__LISTED RECORDS__:
====================

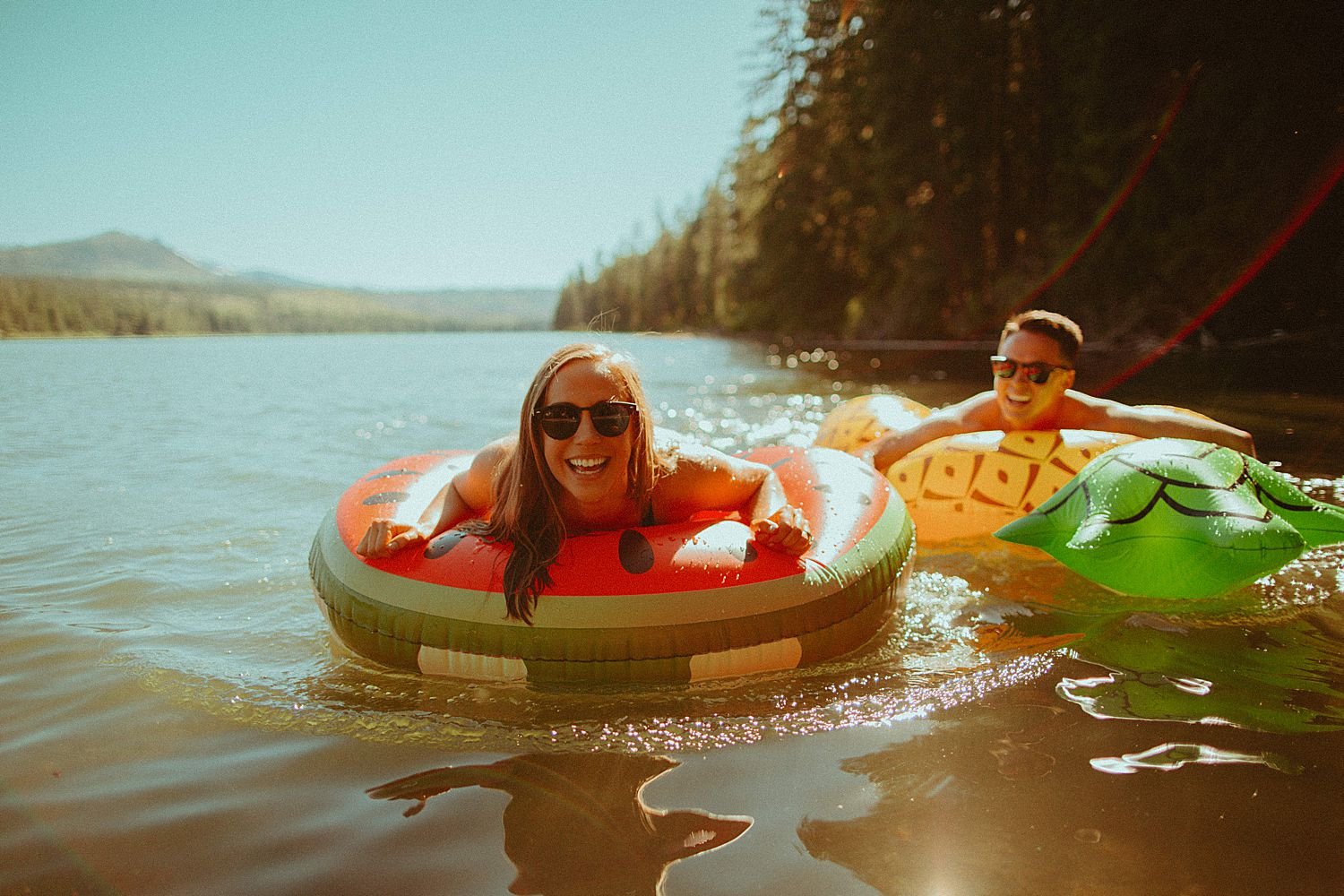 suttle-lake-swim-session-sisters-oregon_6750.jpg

====================

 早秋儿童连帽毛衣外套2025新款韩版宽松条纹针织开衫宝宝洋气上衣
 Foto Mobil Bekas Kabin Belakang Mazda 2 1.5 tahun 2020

====================

__THE PROBLEM__:
Only the lines above from the line containing "早秋儿童连帽毛衣外套2025新款韩版宽松条纹针织开衫宝宝洋气上衣" through the line containing "Foto Mobil Bekas" should be retyped, exactly and with both ends included.

__EXPECTED ANSWER__:
 早秋儿童连帽毛衣外套2025新款韩版宽松条纹针织开衫宝宝洋气上衣
 Foto Mobil Bekas Kabin Belakang Mazda 2 1.5 tahun 2020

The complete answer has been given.